Desde 2000, as mortes pela doença aumentaram 89%.
Em 2017, cerca de 5,5 milhões de americanos viviam com Alzheimer (dois terços eram mulheres).
No ano passado, o Alzheimer custou o nação $259 bilhões
Em 2050, esse número pode subir para $1,1 trilhão. Esses são números tristes e alarmantes, de fato. Embora a doença de Alzheimer possa ocorrer devido a uma combinação de fatores, os cientistas descobriram uma ligação direta entre uma dieta rica em açúcar e o declínio cognitivo.
VEJA COMO O AÇÚCAR PODE CONTRIBUIR PARA A DOENÇA DE ALZHEIMER:
Alguns cientistas até se referiram ao Alzheimer como "diabetes tipo 3" por causa de como a resistência à insulina parece ter um papel na doença. O diabetes tipo 1 é uma doença auto-imune e o diabetes tipo 2 pode ser causado pela dieta. Os cientistas descobriram que o Alzheimer também pode ser causado por uma dieta açucarada, mas nem sempre é esse o caso.

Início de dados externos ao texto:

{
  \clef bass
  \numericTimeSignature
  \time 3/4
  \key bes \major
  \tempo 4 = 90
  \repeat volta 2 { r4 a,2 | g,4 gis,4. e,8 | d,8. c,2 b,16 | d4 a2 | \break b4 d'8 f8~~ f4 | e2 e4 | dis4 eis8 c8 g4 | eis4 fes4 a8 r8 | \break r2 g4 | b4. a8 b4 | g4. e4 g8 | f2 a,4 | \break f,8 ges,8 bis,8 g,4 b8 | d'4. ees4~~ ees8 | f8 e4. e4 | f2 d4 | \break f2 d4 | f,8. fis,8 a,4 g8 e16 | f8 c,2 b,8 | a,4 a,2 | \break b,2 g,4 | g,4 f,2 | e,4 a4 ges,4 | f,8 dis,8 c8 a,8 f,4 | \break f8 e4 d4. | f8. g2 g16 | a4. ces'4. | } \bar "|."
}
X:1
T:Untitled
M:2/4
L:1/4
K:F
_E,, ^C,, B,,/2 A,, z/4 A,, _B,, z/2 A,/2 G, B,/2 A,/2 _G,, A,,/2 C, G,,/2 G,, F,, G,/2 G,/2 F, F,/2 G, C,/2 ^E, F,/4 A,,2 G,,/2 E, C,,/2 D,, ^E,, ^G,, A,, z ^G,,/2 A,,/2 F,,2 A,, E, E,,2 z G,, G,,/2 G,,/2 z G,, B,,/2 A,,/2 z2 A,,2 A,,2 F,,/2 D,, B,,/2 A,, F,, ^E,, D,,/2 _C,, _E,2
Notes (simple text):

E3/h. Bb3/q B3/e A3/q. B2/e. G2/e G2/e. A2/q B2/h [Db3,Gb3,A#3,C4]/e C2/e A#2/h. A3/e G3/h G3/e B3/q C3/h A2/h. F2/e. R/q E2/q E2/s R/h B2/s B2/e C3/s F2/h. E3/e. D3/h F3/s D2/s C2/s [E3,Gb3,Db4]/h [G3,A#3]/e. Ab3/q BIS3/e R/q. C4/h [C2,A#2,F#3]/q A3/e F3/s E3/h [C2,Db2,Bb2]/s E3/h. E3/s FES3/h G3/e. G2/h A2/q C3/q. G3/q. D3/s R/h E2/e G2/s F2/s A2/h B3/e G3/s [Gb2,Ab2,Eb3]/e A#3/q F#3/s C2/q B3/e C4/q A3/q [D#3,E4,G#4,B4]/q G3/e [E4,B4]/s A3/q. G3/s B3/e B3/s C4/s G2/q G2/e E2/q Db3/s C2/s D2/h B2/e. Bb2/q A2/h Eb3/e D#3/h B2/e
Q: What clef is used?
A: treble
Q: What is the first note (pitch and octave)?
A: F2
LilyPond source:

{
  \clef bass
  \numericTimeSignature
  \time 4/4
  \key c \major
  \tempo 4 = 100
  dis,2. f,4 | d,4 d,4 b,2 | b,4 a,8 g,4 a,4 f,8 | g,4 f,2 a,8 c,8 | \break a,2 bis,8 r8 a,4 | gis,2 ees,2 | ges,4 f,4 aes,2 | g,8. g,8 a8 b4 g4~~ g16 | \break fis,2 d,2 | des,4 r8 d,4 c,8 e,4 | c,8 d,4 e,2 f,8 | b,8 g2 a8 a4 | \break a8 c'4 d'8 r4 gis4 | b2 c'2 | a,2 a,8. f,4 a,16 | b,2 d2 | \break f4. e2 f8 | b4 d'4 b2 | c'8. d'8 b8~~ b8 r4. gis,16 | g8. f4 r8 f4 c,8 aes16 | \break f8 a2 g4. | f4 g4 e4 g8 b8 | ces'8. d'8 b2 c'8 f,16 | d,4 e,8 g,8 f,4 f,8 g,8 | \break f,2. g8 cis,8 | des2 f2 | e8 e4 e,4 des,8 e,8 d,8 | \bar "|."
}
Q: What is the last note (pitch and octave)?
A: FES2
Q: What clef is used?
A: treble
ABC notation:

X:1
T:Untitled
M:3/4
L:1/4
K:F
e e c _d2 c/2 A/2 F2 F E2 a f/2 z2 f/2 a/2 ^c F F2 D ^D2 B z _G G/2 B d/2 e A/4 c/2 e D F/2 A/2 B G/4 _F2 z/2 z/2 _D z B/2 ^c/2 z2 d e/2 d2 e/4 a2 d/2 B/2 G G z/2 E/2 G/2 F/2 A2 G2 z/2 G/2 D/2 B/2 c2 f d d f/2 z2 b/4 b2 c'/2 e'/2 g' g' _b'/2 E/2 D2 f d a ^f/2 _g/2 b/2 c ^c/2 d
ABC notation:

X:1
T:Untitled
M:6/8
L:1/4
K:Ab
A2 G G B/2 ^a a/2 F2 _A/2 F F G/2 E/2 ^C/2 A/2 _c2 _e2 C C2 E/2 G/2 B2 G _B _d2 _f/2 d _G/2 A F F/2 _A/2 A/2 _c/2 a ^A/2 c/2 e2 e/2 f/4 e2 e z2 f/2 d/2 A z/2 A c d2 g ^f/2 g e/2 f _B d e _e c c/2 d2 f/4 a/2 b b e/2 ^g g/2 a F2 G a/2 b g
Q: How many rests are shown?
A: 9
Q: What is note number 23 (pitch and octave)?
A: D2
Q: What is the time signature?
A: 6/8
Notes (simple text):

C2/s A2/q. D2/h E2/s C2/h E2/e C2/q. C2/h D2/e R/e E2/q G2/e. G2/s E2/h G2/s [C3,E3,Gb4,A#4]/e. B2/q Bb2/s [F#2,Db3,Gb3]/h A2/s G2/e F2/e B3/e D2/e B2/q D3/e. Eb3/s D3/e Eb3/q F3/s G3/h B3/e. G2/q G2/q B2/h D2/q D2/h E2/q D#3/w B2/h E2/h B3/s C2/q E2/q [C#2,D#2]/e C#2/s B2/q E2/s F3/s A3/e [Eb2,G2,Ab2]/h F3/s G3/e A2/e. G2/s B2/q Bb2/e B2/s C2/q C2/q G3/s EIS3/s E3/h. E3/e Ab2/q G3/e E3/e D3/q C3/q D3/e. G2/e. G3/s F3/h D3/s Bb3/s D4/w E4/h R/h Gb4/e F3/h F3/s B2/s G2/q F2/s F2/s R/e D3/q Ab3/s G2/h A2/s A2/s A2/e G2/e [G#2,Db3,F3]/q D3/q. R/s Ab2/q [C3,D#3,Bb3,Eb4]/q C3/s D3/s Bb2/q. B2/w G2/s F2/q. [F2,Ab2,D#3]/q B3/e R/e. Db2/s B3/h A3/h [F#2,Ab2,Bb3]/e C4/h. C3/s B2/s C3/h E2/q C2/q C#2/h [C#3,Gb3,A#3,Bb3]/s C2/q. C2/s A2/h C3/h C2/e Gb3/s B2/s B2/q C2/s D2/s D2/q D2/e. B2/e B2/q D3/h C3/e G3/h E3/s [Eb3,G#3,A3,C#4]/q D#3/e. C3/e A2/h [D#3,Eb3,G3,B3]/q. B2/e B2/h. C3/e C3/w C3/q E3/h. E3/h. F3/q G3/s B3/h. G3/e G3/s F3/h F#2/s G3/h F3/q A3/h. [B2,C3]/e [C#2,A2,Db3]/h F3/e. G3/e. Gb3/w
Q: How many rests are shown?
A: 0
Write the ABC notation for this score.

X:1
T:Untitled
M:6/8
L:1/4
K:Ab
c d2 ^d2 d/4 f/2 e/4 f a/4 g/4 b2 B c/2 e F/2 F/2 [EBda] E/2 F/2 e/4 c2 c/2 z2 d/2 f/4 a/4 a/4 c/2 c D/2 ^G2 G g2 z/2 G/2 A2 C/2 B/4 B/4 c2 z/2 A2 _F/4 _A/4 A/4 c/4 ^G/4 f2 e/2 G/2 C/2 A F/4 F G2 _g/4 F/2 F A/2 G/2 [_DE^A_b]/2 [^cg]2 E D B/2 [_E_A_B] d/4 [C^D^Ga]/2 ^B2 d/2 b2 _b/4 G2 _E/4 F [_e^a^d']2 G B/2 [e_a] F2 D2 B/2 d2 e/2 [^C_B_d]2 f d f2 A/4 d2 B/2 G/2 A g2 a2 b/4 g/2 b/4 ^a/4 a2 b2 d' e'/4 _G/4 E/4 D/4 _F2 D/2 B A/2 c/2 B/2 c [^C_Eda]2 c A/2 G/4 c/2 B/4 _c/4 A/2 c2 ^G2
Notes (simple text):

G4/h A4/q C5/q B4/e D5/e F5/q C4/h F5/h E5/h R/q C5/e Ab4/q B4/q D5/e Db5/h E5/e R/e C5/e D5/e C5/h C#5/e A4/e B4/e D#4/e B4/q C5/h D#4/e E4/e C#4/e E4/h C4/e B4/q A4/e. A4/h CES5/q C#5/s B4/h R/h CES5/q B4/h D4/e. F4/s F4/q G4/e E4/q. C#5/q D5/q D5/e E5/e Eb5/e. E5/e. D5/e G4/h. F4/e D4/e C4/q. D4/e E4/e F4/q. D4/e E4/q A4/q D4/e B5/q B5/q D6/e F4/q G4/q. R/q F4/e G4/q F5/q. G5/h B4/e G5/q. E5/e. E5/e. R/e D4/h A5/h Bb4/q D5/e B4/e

Um estudo longitudinal, publicado há algumas semanas na revista Diabetologia, acompanhou 5.189 pessoas ao longo de 10 anos e descobriu que pessoas com alto nível de açúcar no sangue (embora não necessariamente diabéticos) tinham uma taxa mais rápida de declínio cognitivo do que aqueles com açúcar no sangue normal.
Outra revisão de estudos realizada por Melissa Schilling, professora da New York University, mostrou duas tendências diferentes. Em primeiro lugar, as pessoas com diabetes tipo 2 têm duas vezes mais chances de desenvolver Alzheimer e, em segundo lugar, as pessoas com diabetes que se submetem ao tratamento com insulina também apresentam um risco elevado de desenvolver a doença. Essas duas tendências sugerem que os altos níveis de insulina são um fator de risco definitivo no desenvolvimento de Alzheimer.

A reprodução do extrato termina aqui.